Some may well argue that Spirit voice should always trump written word. After all, the Spirit is part of the Godhead, the written word is merely the recorded voice of God. Who’s to say that it too might reflect the biases of those who wrote it? Did the Biblical writers get it right? Is everything written and implied in the text exactly what God chose to communicate?
The other side of the argument follows this logic… Written Word should always trump Spirit voice. The Written Word has stood the test of time, declaring God’s truth for generation upon generation. The truth contained within the pages is set in stone and does not bend according to the popular opinions of modern culture. This logic insists that God’s Word doesn’t change… only our willingness to obey it seems to wax and wane. A defender of the Word would argue that those whose theology stands counter to the faithful witness of Scripture have surely not heard the voice of the Spirit, but rather the voice of self & society that allow for a bending of the rules because it matches their own opinion.
So how does one read the Bible with open-minded, obedient eyes, while allowing room for the Spirit to speak? First, we must decide the answer to this question… “Can the Spirit allow us to develop an interpretation that is contrary to the Written word?” In other words, do the two offer conflicting and competing voices? Will the Spirit really allow for interpretations that are vastly different from what the Bible states? To answer with a resounding “yes” means that Scripture’s voice no longer holds value for us… it is supplanted by the Spirit’s directives. To answer “no” means that we deny the Spirit room for any fresh revelation or insight… moral codes and righteous thought can never change or bend.

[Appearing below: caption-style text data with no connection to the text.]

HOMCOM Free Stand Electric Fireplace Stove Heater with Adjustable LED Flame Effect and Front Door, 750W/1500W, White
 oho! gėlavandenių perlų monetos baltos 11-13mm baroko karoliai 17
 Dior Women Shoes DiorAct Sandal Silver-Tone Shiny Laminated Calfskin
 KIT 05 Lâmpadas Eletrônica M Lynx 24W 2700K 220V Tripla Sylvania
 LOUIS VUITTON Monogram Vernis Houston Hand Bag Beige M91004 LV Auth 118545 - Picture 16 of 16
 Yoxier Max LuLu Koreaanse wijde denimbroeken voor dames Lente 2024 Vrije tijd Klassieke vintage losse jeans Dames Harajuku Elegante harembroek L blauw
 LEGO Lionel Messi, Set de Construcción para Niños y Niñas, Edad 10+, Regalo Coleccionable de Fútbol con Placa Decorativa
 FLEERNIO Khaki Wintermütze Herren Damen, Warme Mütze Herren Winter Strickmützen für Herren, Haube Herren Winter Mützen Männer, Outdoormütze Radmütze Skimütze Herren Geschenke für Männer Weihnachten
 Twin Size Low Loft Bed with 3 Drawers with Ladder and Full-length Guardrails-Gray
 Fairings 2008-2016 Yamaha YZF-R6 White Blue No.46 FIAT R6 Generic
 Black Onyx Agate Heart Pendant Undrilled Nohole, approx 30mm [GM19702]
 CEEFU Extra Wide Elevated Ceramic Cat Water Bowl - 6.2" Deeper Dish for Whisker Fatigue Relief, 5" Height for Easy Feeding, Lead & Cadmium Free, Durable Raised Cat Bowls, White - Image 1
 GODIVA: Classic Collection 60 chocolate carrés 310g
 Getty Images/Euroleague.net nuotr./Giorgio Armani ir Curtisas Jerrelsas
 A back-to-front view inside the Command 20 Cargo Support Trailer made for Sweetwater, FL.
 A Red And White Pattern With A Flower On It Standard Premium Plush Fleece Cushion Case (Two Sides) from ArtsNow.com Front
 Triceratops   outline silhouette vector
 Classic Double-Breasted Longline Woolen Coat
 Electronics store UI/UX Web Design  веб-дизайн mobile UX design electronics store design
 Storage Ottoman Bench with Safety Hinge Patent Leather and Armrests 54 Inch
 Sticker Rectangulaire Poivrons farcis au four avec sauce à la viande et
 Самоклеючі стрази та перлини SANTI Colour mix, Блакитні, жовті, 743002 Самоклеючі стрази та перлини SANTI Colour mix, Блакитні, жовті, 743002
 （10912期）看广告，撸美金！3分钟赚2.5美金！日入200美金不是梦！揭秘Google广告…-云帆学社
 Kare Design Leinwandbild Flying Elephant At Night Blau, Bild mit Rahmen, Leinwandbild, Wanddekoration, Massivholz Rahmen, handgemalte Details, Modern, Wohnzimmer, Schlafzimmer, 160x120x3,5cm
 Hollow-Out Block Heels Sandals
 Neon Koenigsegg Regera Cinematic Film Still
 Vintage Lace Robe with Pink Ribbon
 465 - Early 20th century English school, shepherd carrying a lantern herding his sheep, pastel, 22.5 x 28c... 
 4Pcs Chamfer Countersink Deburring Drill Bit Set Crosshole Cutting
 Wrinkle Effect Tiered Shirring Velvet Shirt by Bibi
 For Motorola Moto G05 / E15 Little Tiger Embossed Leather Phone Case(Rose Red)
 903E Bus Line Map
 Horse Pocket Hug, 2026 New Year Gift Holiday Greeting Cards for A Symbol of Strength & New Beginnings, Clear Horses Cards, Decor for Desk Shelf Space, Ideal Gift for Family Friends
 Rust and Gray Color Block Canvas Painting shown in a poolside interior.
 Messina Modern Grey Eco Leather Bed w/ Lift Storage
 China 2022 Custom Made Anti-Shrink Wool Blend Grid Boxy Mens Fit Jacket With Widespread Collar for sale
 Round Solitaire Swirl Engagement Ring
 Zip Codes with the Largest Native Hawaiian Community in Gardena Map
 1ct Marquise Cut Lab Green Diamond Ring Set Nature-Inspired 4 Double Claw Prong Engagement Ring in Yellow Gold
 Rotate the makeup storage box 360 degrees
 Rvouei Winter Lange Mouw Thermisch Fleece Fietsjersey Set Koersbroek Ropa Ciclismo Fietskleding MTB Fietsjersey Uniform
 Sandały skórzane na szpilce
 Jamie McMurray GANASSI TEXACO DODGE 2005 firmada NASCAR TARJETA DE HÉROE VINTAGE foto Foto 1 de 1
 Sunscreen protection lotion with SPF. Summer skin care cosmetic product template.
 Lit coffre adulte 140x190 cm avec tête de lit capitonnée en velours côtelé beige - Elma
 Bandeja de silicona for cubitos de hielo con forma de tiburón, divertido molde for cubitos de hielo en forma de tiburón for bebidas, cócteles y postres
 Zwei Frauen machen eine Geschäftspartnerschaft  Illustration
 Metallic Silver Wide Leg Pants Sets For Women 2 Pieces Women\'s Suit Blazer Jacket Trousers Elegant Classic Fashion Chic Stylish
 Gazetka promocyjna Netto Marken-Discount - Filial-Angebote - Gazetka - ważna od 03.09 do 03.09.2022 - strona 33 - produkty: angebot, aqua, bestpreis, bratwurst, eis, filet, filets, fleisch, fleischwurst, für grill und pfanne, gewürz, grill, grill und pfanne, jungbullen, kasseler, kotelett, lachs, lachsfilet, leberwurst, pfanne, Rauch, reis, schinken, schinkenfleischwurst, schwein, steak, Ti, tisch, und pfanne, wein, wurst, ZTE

So who controls the Spirit? Or better yet… are we controlled by the Spirit or do we attempt to control the Spirit’s voice in our lives? For the sake of argument, let’s affirm that God’s Word and God’s Spirit never conflict with each other. In other words, whatever is written in the Word can only be magnified by the Spirit’s voice. The Spirit will give clarity and conviction to those who take the Word seriously. Such a faith position brings sharper focus but heavier responsibility. Or… for the sake of argument, let’s affirm that God’s Word and God’s Spirit have the room to wrestle with each other and the outcome is not always won by the Word. Sometimes the Spirit speaks louder. Such a position can quickly erode Biblical truth in exchange for our interpretation of truth.
If the Spirit’s role is to guide us in all truth (John 16:13), then how can the two… Word and Spirit… ever compete? Isn’t the same God fully present in both? So maybe the problem is not found in Scripture, nor in Spirit, but in our unwillingness to lean into what both demand of us. If the spirit within you teaches you to bend the rules of Biblical authority, then you’d better be careful of that spirit’s voice. It may not be the voice of God, but rather the serpent’s whisper who again and again says, “You don’t really have to obey God… surely you won’t die.” And suddenly we will find ourselves living somewhere east of Eden.
Let’s be honest… there are some really important issues out there which are testing the mettle of our generation. Read the Word with a conviction that it always speaks truth and intention. And then pray for the clear, crisp voice of the Spirit to give even more insight, so that ambiguity is erased and obedience becomes the watchword of the day.